▶ **Records for processing**:
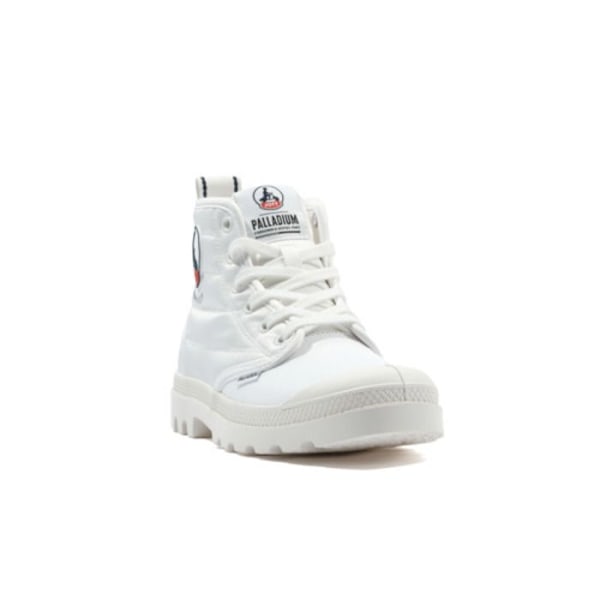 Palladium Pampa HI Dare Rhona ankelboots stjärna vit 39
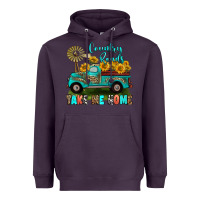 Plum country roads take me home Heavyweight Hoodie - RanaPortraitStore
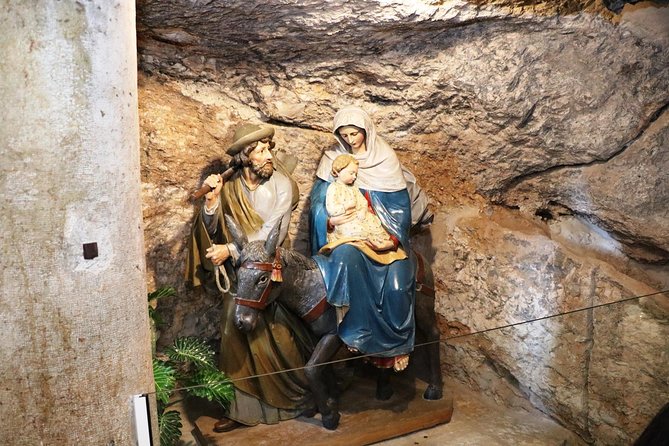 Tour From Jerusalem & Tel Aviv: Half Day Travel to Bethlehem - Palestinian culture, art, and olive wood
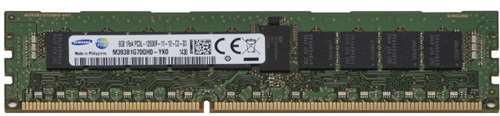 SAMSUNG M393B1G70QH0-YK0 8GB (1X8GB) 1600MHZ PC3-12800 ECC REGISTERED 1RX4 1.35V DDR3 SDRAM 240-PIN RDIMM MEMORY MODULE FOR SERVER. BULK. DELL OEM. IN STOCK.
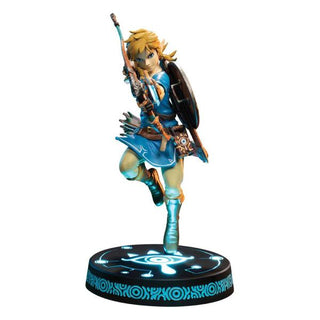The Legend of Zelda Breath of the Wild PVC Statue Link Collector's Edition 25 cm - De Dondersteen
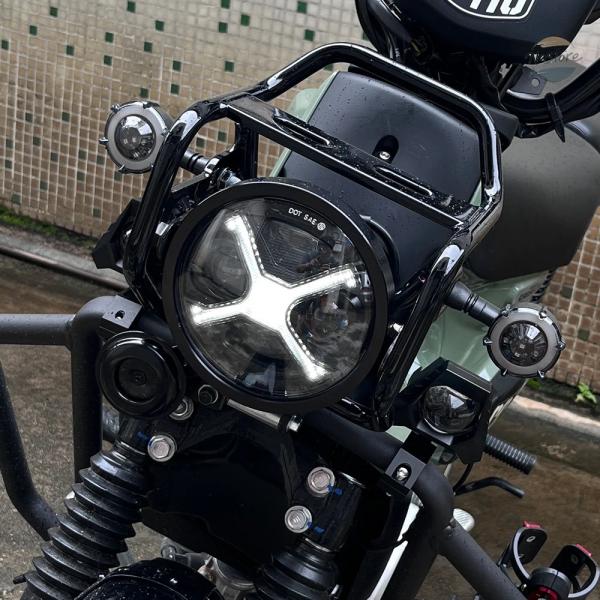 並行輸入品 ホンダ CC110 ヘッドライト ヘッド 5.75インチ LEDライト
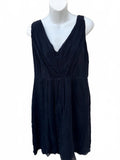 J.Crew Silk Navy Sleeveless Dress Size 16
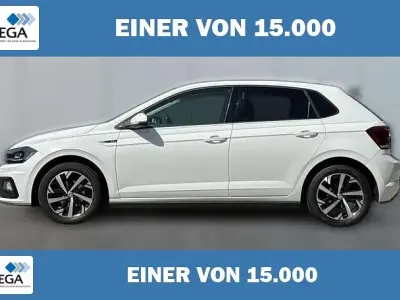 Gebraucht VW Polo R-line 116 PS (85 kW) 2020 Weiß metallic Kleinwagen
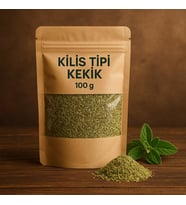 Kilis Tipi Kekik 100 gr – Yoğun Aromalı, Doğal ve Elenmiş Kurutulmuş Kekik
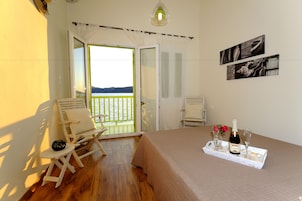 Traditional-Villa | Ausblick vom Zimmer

...

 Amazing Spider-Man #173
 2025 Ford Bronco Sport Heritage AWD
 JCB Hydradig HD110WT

...

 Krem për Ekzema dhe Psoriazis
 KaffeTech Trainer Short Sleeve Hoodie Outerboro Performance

▶ **Your objective**: Word for word, retype the lines in the entries above that run from the one with "Palladium Pampa HI" through the one with "Traditional-Villa | Ausblick vom Zimmer". Both ends count; pictures do not.

▶ **Exercise solution**:
 Palladium Pampa HI Dare Rhona ankelboots stjärna vit 39
 Plum country roads take me home Heavyweight Hoodie - RanaPortraitStore
 Tour From Jerusalem & Tel Aviv: Half Day Travel to Bethlehem - Palestinian culture, art, and olive wood
 SAMSUNG M393B1G70QH0-YK0 8GB (1X8GB) 1600MHZ PC3-12800 ECC REGISTERED 1RX4 1.35V DDR3 SDRAM 240-PIN RDIMM MEMORY MODULE FOR SERVER. BULK. DELL OEM. IN STOCK.
The Legend of Zelda Breath of the Wild PVC Statue Link Collector's Edition 25 cm - De Dondersteen
 並行輸入品 ホンダ CC110 ヘッドライト ヘッド 5.75インチ LEDライト
 J.Crew Silk Navy Sleeveless Dress Size 16
 Gebraucht VW Polo R-line 116 PS (85 kW) 2020 Weiß metallic Kleinwagen
 Kilis Tipi Kekik 100 gr – Yoğun Aromalı, Doğal ve Elenmiş Kurutulmuş Kekik
 Traditional-Villa | Ausblick vom Zimmer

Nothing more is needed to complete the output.